Nos coletivos, temos a imbatível seleção de Futebol de 5, modalidade para atletas com deficiência visual. E é imbatível mesmo, porque o Brasil nunca perdeu um único jogo desde que a modalidade estreou nos Jogos Paralímpicos em Atenas-2004. Sendo assim, é a atual tetracampeã, além de pentacampeã mundial e tem no elenco Ricardo Alves, o Ricardinho, ninguém menos do que o maior jogador em todos os tempos. Na final da Rio-2016, contra o Irã, ele fez uma jogada mágica pelo lado esquerdo do campo e meteu no meio das canetas do goleiro Meysam Shojaeiyan, que ainda não tinha sido vazado na competição, para fazer o gol do título. No goalball, modalidade que se assemelha ao futebol, também temos equipes fortes no masculino, especialmente, e no feminino. O vôlei sentado é outra onde o Brasil pode conquistar medalha nos dois naipes.

Tem mais gente

Como dito acima, o Brasil é bastante competitivo em Jogos Paralímpicos e como há uma entendimento geral de que os países precisam de quatro chances de medalha para ganhar uma, há uma série de outros atletas brasileiro brigando pelo pódio. Jane Karla, no tiro com arco, por exemplo, é uma delas. No badminton, modalidade que estreia nos Jogos Paralímpicos de Tóquio, Vitor Tavares chega como um dos mais bem cotados. Lauro Chaman, no ciclismo, é outro, bem como Débora Menezes e Nathan Torquato, do taekwondo, outra modalidade que estreia na capital japonesa.

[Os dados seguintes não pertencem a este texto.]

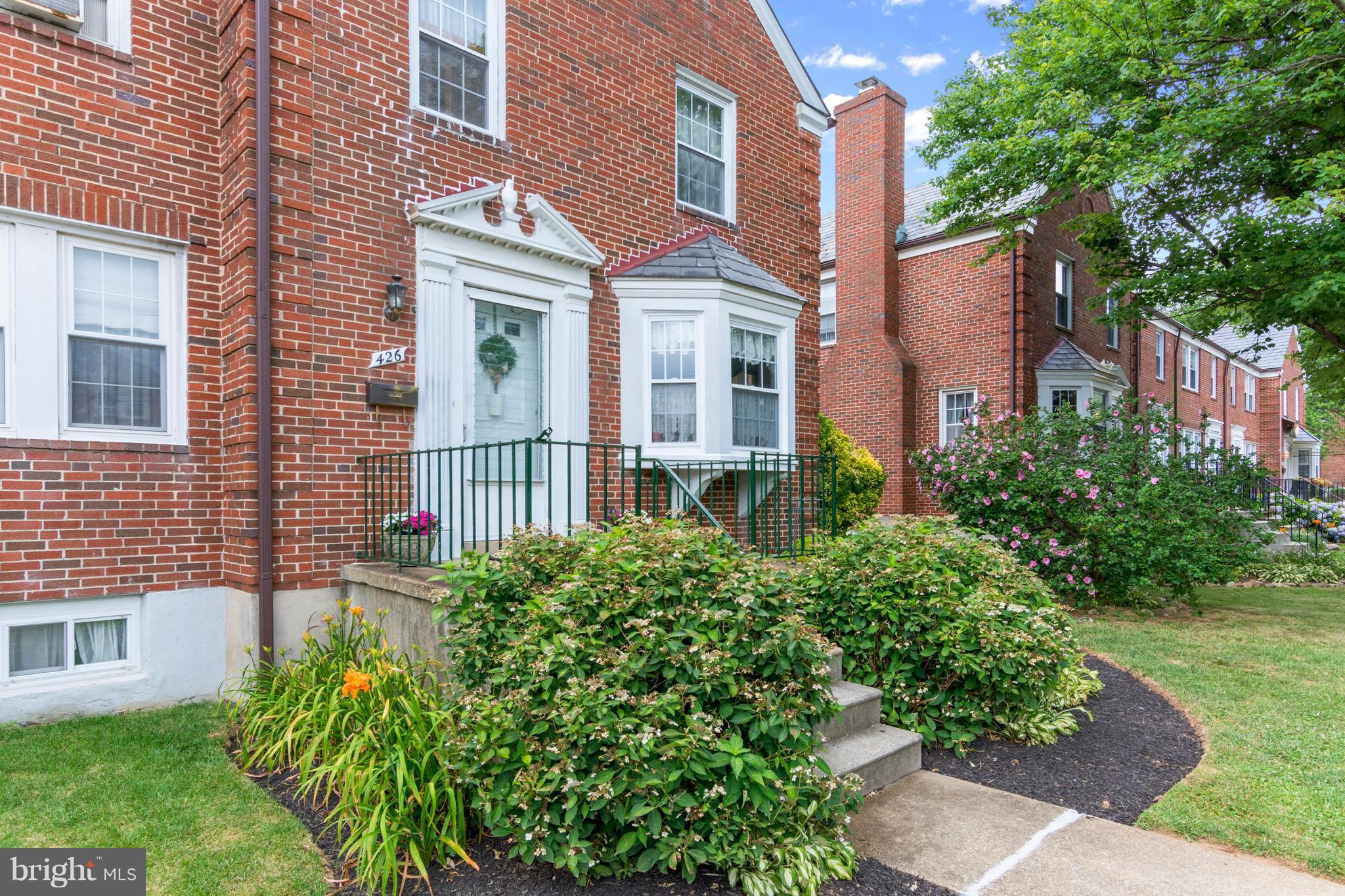 426 Academy Road Baltimore, MD 21228 - Photo 29 of 30 Manicured Landscaping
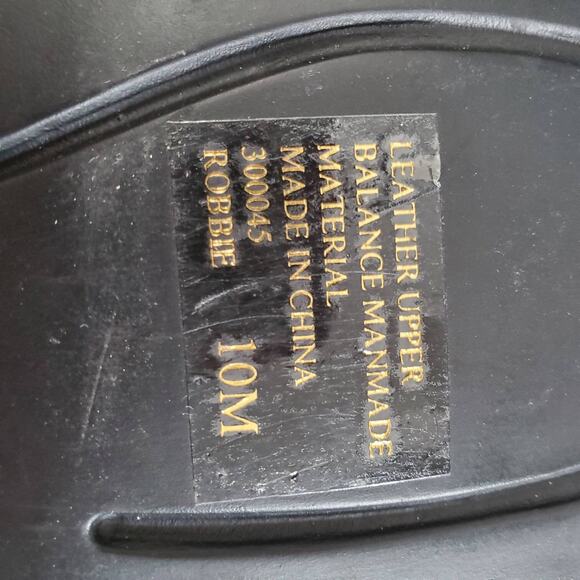 Vintage 1990s Y2K Hillard & Hanson White Leather Cut Out Loafers - Picture 4 of 8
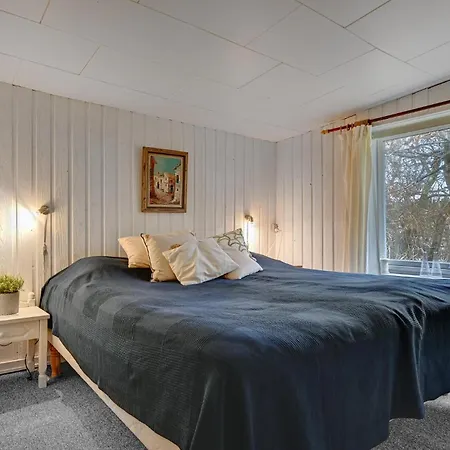 3 Bedroom Awesome In Glesborg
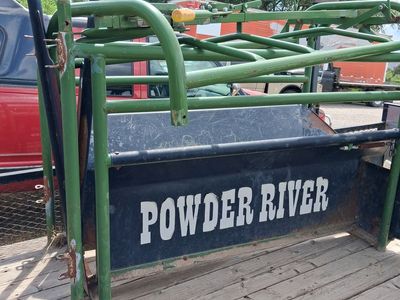 powder river roping chute.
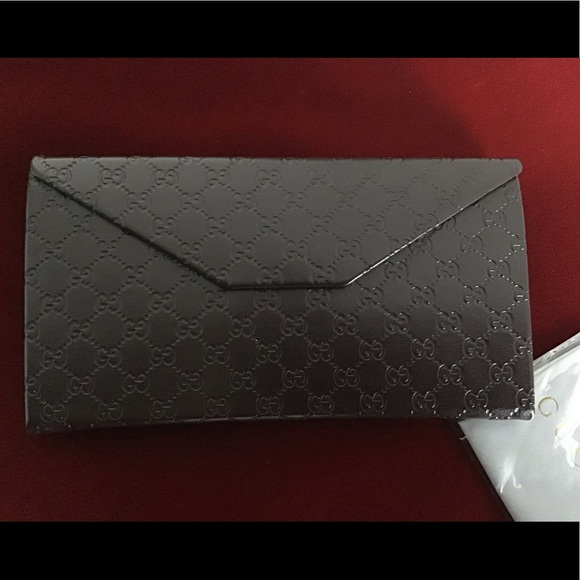 Gucci eye-ware Tri-folding case w/ cleaning cloth - Picture 7 of 9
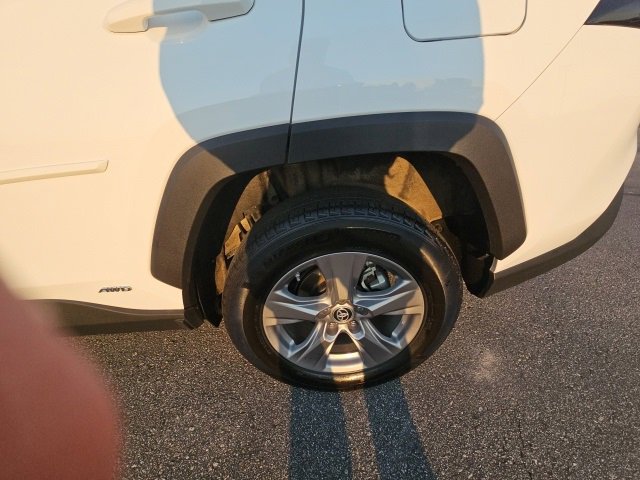 Used 2023 Toyota RAV4 LE image 63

No halterofilismo Evânio da Silva, Mariana D’Andrea e Bruno Carra chegam com boas credenciais. Na canoagem tem destaques também: Luis Carlos Cardoso, Caio Ribeiro e Fernando Rufino. No remo, temos Renê Campos e, no triatlo, apesar de um grave acidente há poucas semanas, Jéssica Messali tem tudo para brilhar. Para se ter uma ideia, em 2019 ela se tornou a primeira mulher cadeirante da América Latina a concluir o Iron Man 70.3. Fechou o percurso de 1,9 quilômetro de natação, 90 quilômetros de ciclismo, e 21 quilômetros de corrida em menos de seis horas, ou 5h57min. Jovane Guissone, campeão paralímpico na esgrima em cadeira de rodas em Londres-2012, é outra boa aposta.

Esses são alguns dos grandes nomes, possíveis de serem destacados entre os 260 brasileiros, porque trazem conquistas importantes em outras edições de Jogos Paralímpicos ou dentro do último ciclo, extraordinariamente de cinco anos. Porém, para não cometer injustiças, é necessário dizer que há muitos outros nomes preparados para se apresentarem ao mundo dentro do palco paralímpico. Certamente veremos surpresas agradáveis aparecerem, como certamente veremos surpresas desagradáveis também acontecerem. Essa é a graça do esporte, não ser previsível. É disputado por humanos e suas falhas e virtudes. Neste caso, por seres humanos espetaculares que não aceitaram o execrável rórulo de “incapaz” para mostrar que são, antes de qualquer coisa, competidores natos com feitos fantásticos dignos de espaços no Olimpo do esporte mundial. Ou, em resumo, simplesmente atletas de alta performance. Nada mais, nada menos.